The Yellow Vests protests left their mark on the political and social life of France for the 25 week as thousands gathered against president Emmanuel Macron. In Paris, a section of the demonstrators gathered at the Charles de Gaulle airport to protest its impending privatization. According to reports, tens of thousands of people protested in cities across the country, including Nice, Marseille and Lyon, where environmentalists also joined the march.
In Metz, thousands of Yellow Vests and environmentalists marched to the venue of a meeting of environment ministers of the G7 countries, which began on May 5. Protesters have called for a “strong proposal”, around the theme “Fight against inequalities through the protection of biodiversity and climate”, to tackle climate change and offer “a true counter-summit” with “a unitary voice”, ahead of the G7 summit scheduled to take place in Biarritz in August.
The latest protests come after the massive crackdown on protesters on May 1. On International Workers’ Day, more than 300,000 people joined the demonstrations, answering the call of various trade unions and the yellow vests. Around 7,500 security personnel were deployed. A large number of protesters participated in the marches wearing masks, in defiance of the anti-riot legislation which prohibits people from covering their faces while demonstrating. The French Communist Party (PCF), in a statement, condemned the police crackdown on the May Day demonstrations.
On Sunday, prominent artists and intellectuals denounced government attempts to cast the protesters as violent hoodlums. In the ‘We Are Not Fooled’ Manifesto, they said, “…the most threatening violence is the economic and social one … the violence marking bodies and minds of those who go to work to survive.”
The Yellow Vests have criticized Macron’s latest promises on tax cuts and on increase in pensions as empty rhetoric. They have also declared a third list of candidates, called “Rassemblement des Gilets jaunes citoyens” (Rally of the citizen yellow vests), for the European Parliament elections scheduled for May 26.

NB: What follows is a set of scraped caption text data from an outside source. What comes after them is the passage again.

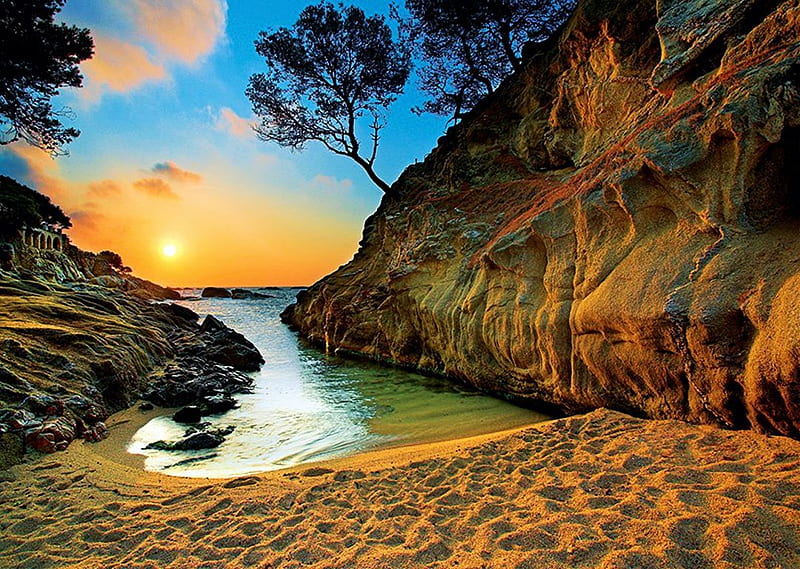 Sunset at Costa Brava Spain, sand, water, colors, cliff, trees, sky, HD wallpaper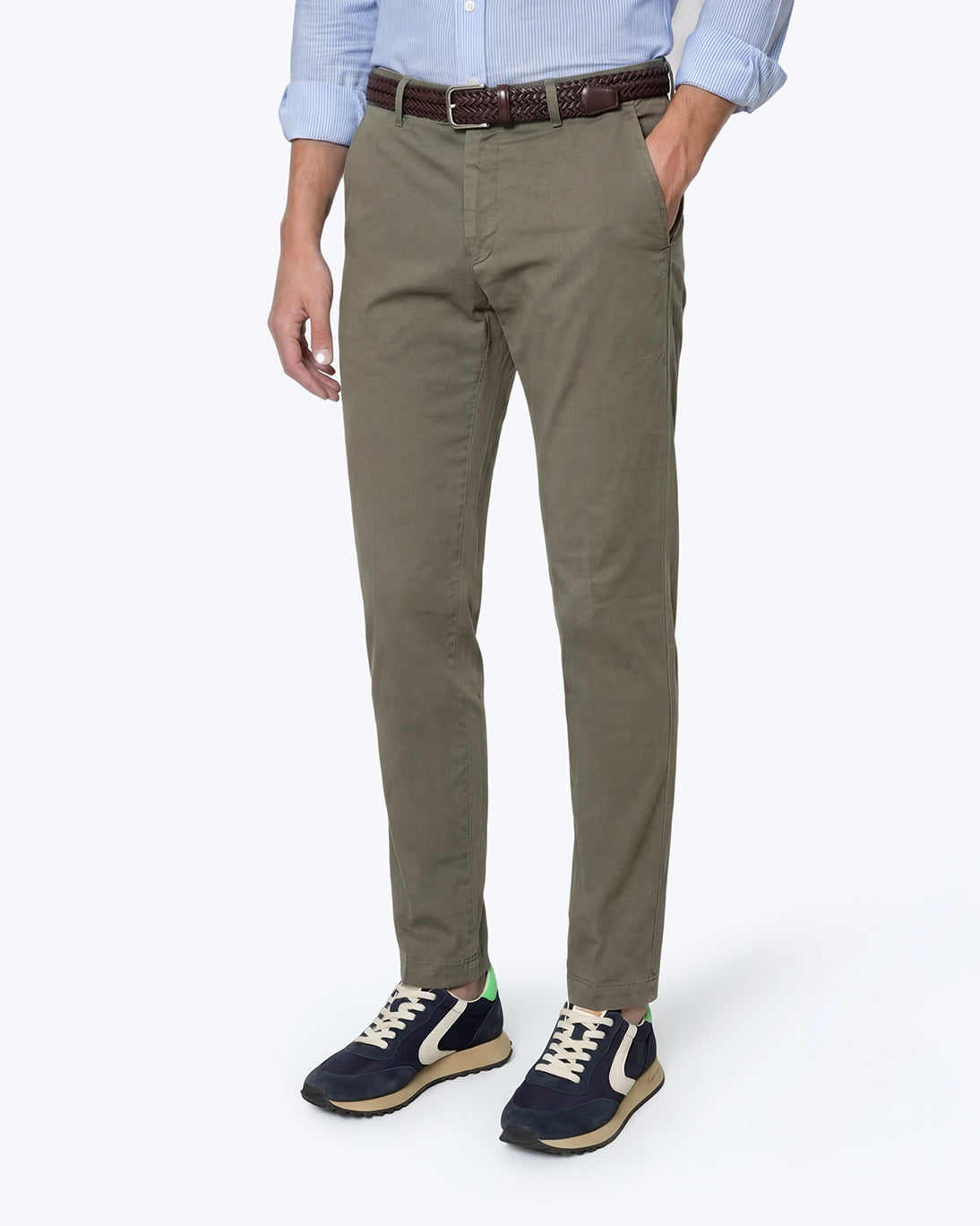 PANTALÓN CHINO GABARDINA VERDE OSCURO 40WEFT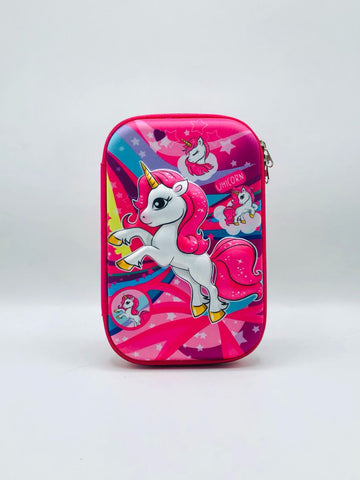 Unicorn 3D Hard Shell Pencil Case – Spacious Fiber Pouch for Girls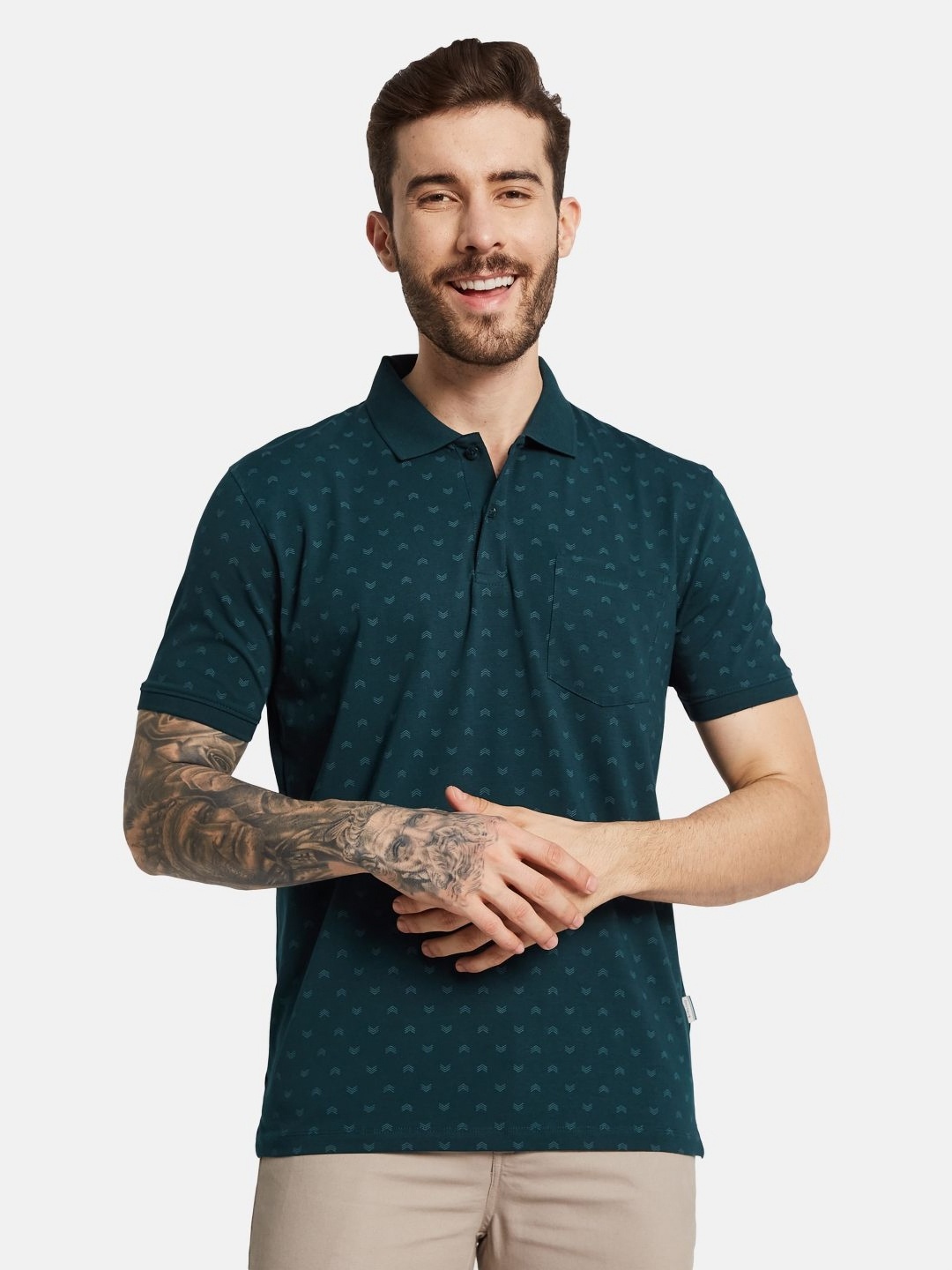 

Octave Men Conversational Printed Polo Collar Pocket T-shirt, Green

The Yellow Vests movement began on November 17, 2018, after the Macron-led government announced a hike in fuel taxes, purportedly to combat climate change. This decision triggered the anger of the masses against all the anti-poor reforms that Macron has passed since taking office. In the face of huge mobilizations, the government was forced to roll back the tax hike. In addition, Macron also announced tax cuts for pensioners and asked bosses to give bonuses to their workers. But these small overtures failed to placate the anger of the working and lower middle classes.